Is there any city that's not "such a city"?
If you look at the demographics of the area surrounding any big city you will see that "moving out" is already happening.
The only difference between New York City, and any other city, is the size. The government is ineffective, the city is bankrupt, cut-backs are aimed at the departments that can easily be forced to accept the cuts, and crime is increasing, due to the ridiculous ideals of liberal officials. The same description fits my home town, and if New York follows in the same manner, people with money will flee as fast as they can. Those remaining will tolerate the crime, crummy infrastructure, and corruption. They don't realize they are the crux of the problem, and their ignorance is destructive.
I think Portland is worse.
And they keep telling us that if we'd just legalize the illegal drugs, all the crime will go away, because crimes involving illegal drugs are victimless crimes.
My solution? Arrested with drugs once, treat as normal criminal. Arrested for second offense, you didn't learn, off to a work farm on an island in the Carribean or one of the lesser Hawaiian islands, or one of our central Pacific islands, maybe one of the Aleutians for the hardened drug criminal.
Screw it. It's been proven over and over again that 'drug crimes' are at the center of the collapse of the American nation.
Drugs that are fueled in a greater part by the Communist Chinese, who provide either precursor chemicals (for cocaine or for enhancing marijuana) or the actual chemicals themselves (such as fentanyl.)
Drug Crimes? By this time I'm almost to the point of 'Line them up against the wall and shoot.'
Wife and I have been watching reruns of 'Adam-12' and what is sad is that everything we see today is just what they showed on the show 50+ years ago. Meth, Heroin, Cocaine, designer drugs. From the addicts dying to the sellers selling and the turf wars and cartels and the whole smear. Selling to school kids, kids stealing their parents drugs, drugged-out parents. Even 'BLM-ish' content, albeit with Black Power and Black Panthers…
Going soft on druggies has been useless. Time to go ultimately hard on them.

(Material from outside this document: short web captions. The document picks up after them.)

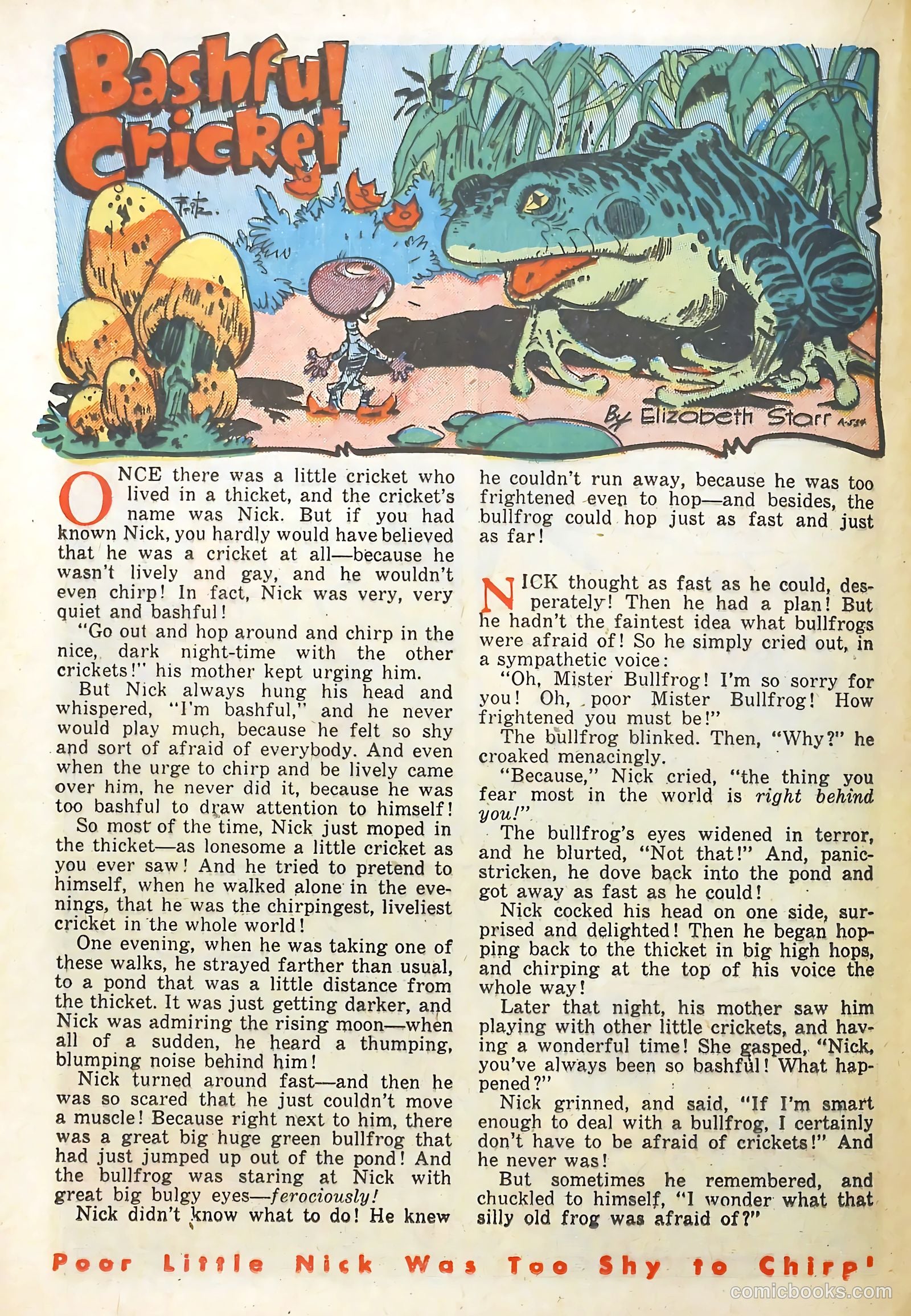 Barnyard Comics #25 — page 20 of 36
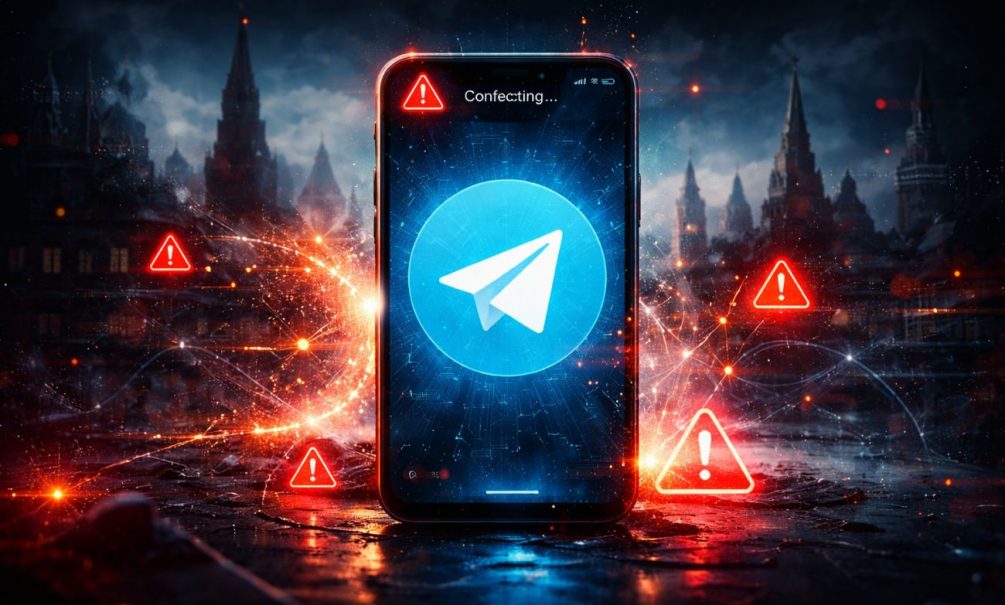 Telegram всё? Россияне испугались, что популярный мессенджер не работает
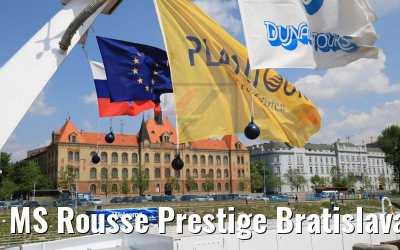 MS Rousse Prestige Bratislava Impressionen 02.05.2019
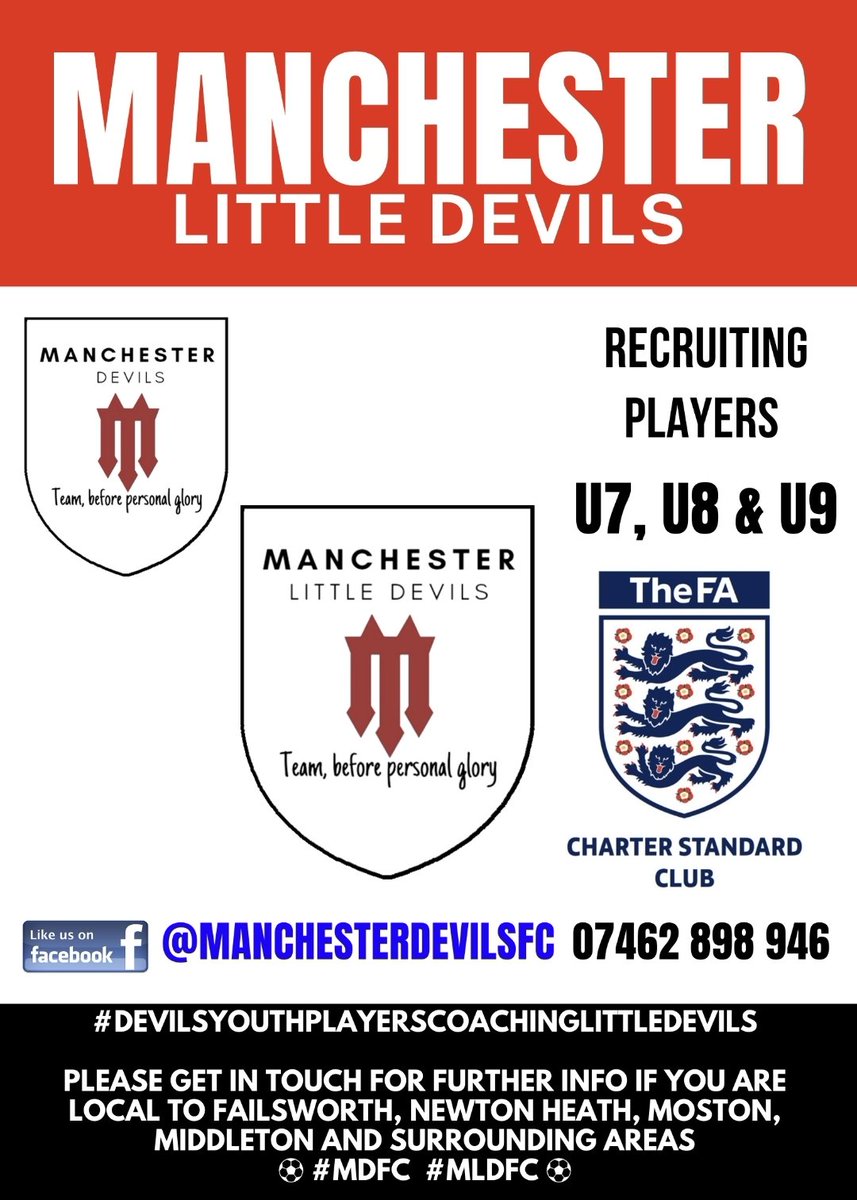 ManchesterDevi4's tweet photo. @ManUtd @juanmata8 What about our #LittleDevils ? Can we get an hello and good luck on their football journeys ?  😁🇾🇪👍#MDFC #MLDFC #MUFC https://t.co/HqxnyctfFd
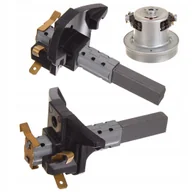 Akcesoria do odkurzaczy - Szczotki węglowe UNIWERSALNE 1600W 1800W 2000W LG SAMSUNG ZELMER METEOR 2 - miniaturka - grafika 1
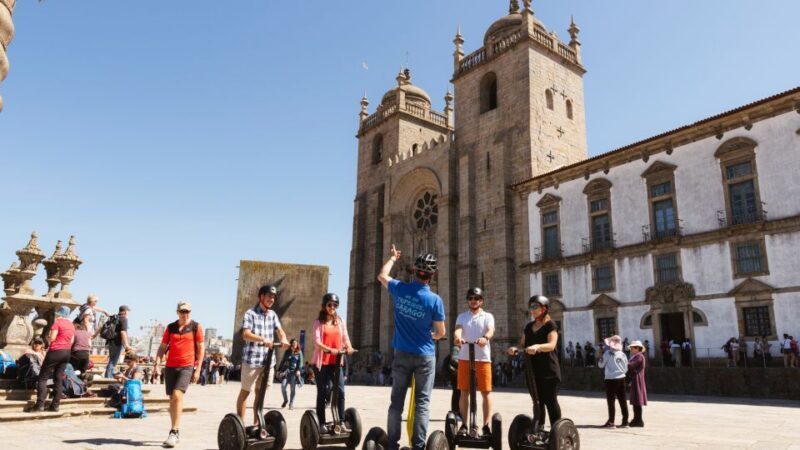 Porto: 2-Hour City Highlights Guided Segway Tour - Practical Considerations and Tips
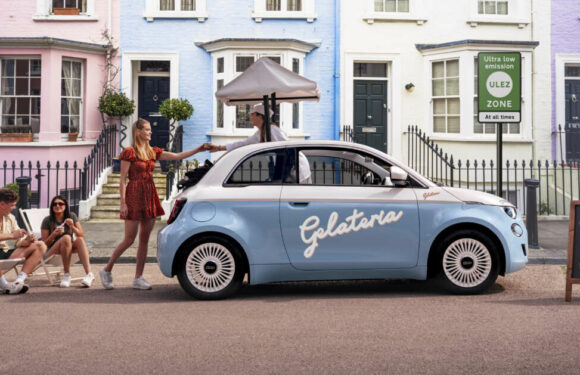 Fiat 500e Gelateria Edition EV – ice-cream van concept – paultan.org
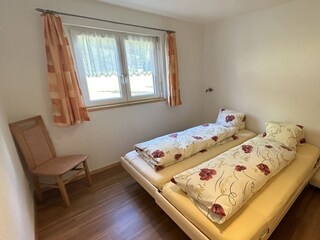 Vakantieappartement Saas-Grund Slaapkamer 13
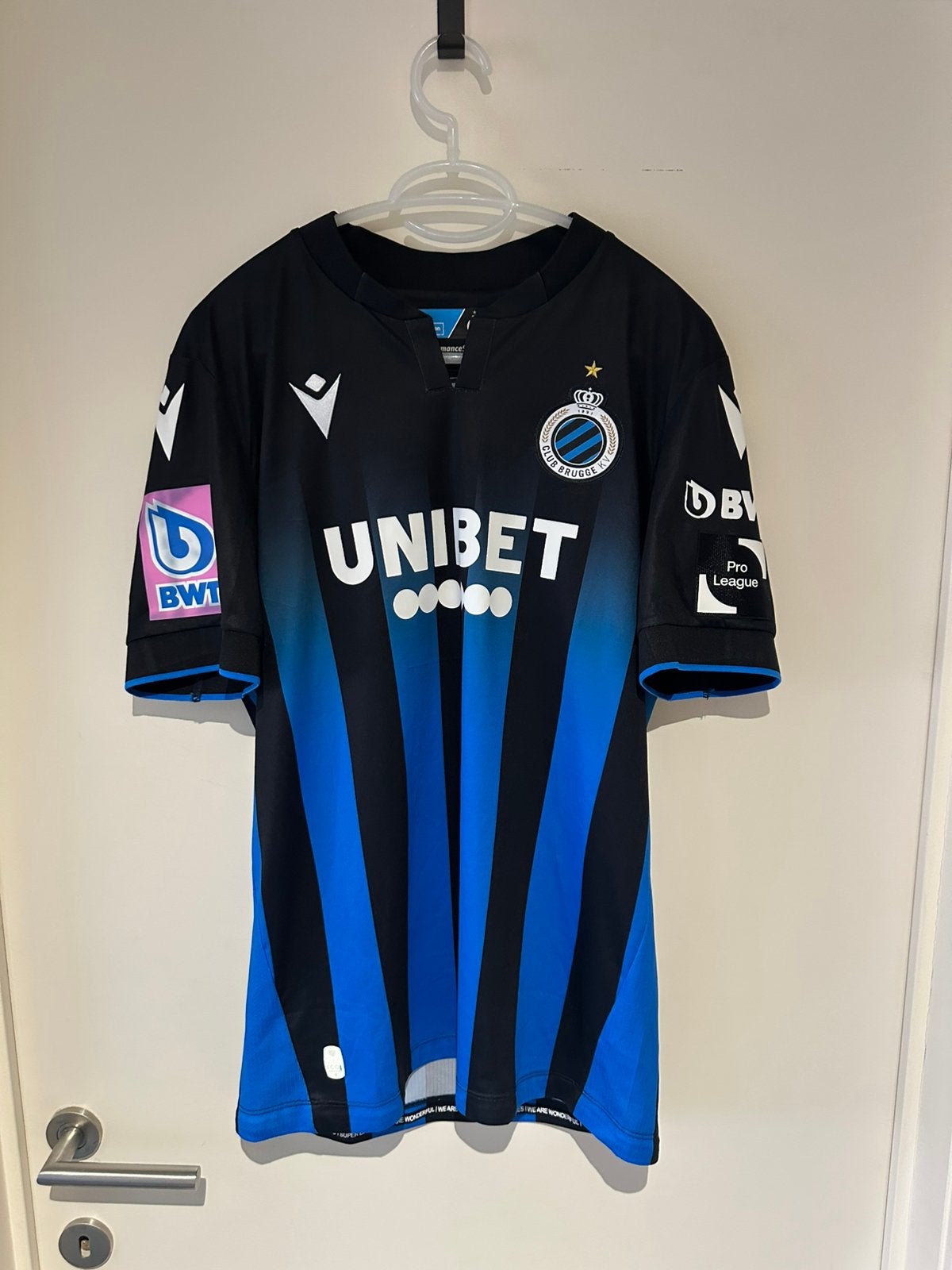 Matchworn shirt Andreas Skov Olsen, Ophalen of Verzenden, Zo goed als nieuw, Shirt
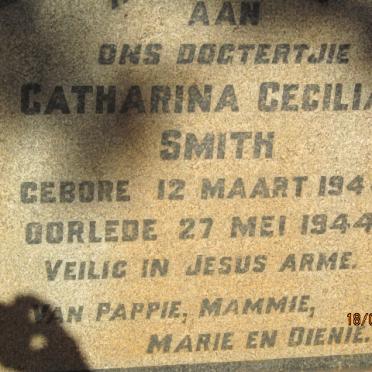 SMITH Catharina Cecilia 1944-1944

Stop talking sense, Beans.
I made the same points a couple of years ago, but no one wants to hear that.
Homeless problem?
Screw the three S's.
Just one S will suffice. The first one.
Problem: solved.
Coming to a city near you in 3, 2,…
Toss in the Soros-funded DAs implementing no bail or no charging rules and you have a whole bunch of Urban Decay in the making. LA is at the head of that slope now with their new DA, one of the many reasons I'm leaving the state soon.
Miss us yet? We used to keep street crime to a minimum.
– The Mafia
NYC: Well, it couldn't happen to a nicer city, but as we all know, NICE, NYC ain't.